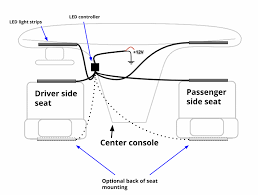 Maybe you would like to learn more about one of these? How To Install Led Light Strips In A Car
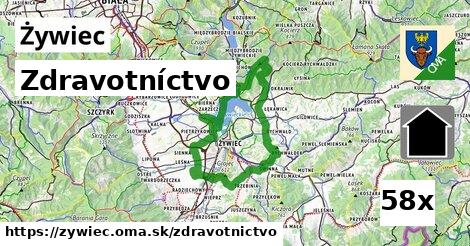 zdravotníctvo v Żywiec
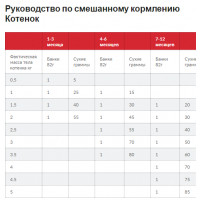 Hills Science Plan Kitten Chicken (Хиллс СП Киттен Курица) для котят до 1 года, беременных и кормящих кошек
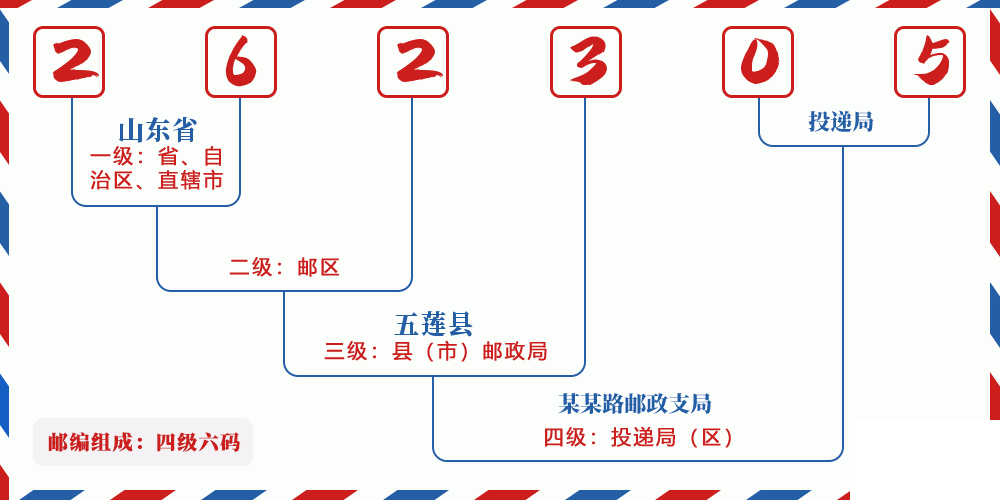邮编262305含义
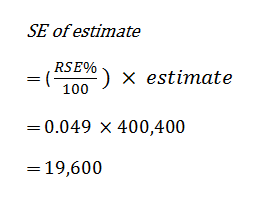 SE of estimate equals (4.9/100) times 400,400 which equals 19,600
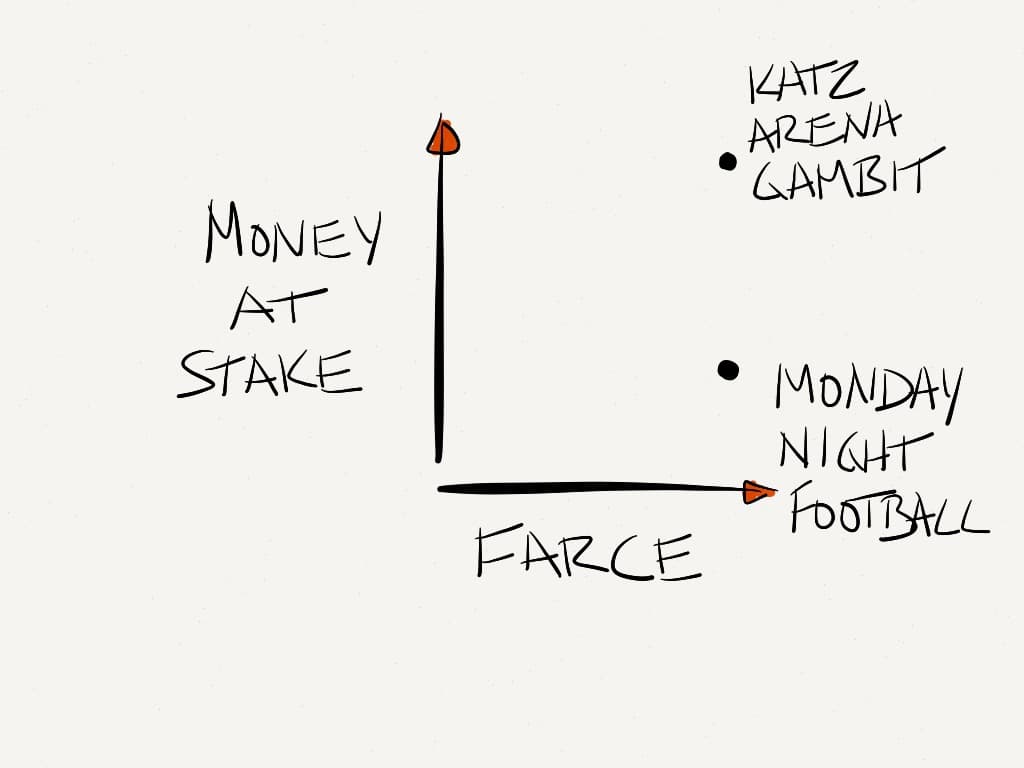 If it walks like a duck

········

--- ABOUT THIS TASK ---
The full listing above, duplicated exactly and without its pictures, is the answer.

--- YOUR RESPONSE ---
 Maybe you would like to learn more about one of these? How To Install Led Light Strips In A Car
 zdravotníctvo v Żywiec
 Hills Science Plan Kitten Chicken (Хиллс СП Киттен Курица) для котят до 1 года, беременных и кормящих кошек
邮编262305含义
 SE of estimate equals (4.9/100) times 400,400 which equals 19,600
 If it walks like a duck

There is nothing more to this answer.